» DATA EXCERPTS:
┄┄┄┄┄┄
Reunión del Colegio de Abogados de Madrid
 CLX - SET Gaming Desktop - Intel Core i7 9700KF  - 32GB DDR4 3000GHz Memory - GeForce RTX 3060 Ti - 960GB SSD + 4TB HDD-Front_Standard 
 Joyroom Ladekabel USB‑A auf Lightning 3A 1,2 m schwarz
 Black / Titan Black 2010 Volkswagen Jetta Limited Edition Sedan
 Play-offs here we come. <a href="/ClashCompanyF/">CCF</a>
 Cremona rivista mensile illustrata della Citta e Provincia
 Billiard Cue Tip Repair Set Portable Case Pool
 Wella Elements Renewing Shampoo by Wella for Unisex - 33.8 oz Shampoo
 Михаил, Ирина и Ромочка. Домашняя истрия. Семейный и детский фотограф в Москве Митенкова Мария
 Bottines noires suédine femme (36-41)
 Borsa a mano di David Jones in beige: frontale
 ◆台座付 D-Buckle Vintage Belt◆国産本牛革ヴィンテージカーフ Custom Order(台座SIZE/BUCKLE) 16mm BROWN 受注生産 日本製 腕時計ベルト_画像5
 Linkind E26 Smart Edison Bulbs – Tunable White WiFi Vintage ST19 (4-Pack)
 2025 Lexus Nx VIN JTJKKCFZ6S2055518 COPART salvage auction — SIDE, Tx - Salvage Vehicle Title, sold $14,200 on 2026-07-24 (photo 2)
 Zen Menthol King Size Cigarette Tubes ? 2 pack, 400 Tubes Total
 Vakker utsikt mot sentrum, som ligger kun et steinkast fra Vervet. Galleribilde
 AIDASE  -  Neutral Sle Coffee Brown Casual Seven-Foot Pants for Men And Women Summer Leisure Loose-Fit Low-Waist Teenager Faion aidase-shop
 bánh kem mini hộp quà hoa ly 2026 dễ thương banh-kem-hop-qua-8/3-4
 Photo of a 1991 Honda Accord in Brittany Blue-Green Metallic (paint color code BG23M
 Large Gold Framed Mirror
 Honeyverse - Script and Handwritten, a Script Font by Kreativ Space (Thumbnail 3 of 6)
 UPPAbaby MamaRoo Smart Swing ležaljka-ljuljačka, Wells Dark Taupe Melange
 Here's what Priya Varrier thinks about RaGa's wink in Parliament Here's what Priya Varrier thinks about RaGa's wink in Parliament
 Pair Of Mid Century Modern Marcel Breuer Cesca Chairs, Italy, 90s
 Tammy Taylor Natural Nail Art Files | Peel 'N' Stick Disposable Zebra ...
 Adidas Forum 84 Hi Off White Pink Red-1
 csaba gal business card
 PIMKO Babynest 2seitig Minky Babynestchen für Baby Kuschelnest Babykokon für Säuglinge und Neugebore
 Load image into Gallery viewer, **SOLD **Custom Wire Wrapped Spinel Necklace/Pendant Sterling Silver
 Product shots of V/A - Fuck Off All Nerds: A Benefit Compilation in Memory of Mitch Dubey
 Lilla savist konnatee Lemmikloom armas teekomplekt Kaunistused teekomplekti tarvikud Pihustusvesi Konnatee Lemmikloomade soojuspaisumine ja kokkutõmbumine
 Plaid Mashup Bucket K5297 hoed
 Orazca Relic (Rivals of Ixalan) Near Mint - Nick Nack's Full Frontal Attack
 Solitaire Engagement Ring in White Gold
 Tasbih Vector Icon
┄┄┄┄┄┄
» YOUR OBJECTIVE: Copy the entries word for word. Start at the first line and end with the line containing "Михаил, Ирина и".

» SOLVED EXERCISE:
Reunión del Colegio de Abogados de Madrid
 CLX - SET Gaming Desktop - Intel Core i7 9700KF  - 32GB DDR4 3000GHz Memory - GeForce RTX 3060 Ti - 960GB SSD + 4TB HDD-Front_Standard 
 Joyroom Ladekabel USB‑A auf Lightning 3A 1,2 m schwarz
 Black / Titan Black 2010 Volkswagen Jetta Limited Edition Sedan
 Play-offs here we come. <a href="/ClashCompanyF/">CCF</a>
 Cremona rivista mensile illustrata della Citta e Provincia
 Billiard Cue Tip Repair Set Portable Case Pool
 Wella Elements Renewing Shampoo by Wella for Unisex - 33.8 oz Shampoo
 Михаил, Ирина и Ромочка. Домашняя истрия. Семейный и детский фотограф в Москве Митенкова Мария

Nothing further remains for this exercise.